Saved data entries
--- START ---
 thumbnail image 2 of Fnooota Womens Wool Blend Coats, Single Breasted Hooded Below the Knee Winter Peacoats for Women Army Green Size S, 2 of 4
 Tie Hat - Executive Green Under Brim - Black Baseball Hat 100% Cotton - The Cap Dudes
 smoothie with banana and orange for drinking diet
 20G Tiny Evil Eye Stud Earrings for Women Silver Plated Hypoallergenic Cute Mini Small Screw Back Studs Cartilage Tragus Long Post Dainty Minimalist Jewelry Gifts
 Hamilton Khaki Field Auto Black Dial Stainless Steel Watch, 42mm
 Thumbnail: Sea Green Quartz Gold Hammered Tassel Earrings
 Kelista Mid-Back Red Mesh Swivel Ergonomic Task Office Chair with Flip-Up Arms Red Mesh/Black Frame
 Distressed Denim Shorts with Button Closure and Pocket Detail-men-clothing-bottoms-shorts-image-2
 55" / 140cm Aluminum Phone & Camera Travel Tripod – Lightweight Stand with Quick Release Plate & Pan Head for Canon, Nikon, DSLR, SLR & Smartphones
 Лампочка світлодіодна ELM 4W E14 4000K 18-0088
--- END ---
Task:
The data above should be reproduced in full and exactly.

Exercise solution:
 thumbnail image 2 of Fnooota Womens Wool Blend Coats, Single Breasted Hooded Below the Knee Winter Peacoats for Women Army Green Size S, 2 of 4
 Tie Hat - Executive Green Under Brim - Black Baseball Hat 100% Cotton - The Cap Dudes
 smoothie with banana and orange for drinking diet
 20G Tiny Evil Eye Stud Earrings for Women Silver Plated Hypoallergenic Cute Mini Small Screw Back Studs Cartilage Tragus Long Post Dainty Minimalist Jewelry Gifts
 Hamilton Khaki Field Auto Black Dial Stainless Steel Watch, 42mm
 Thumbnail: Sea Green Quartz Gold Hammered Tassel Earrings
 Kelista Mid-Back Red Mesh Swivel Ergonomic Task Office Chair with Flip-Up Arms Red Mesh/Black Frame
 Distressed Denim Shorts with Button Closure and Pocket Detail-men-clothing-bottoms-shorts-image-2
 55" / 140cm Aluminum Phone & Camera Travel Tripod – Lightweight Stand with Quick Release Plate & Pan Head for Canon, Nikon, DSLR, SLR & Smartphones
 Лампочка світлодіодна ELM 4W E14 4000K 18-0088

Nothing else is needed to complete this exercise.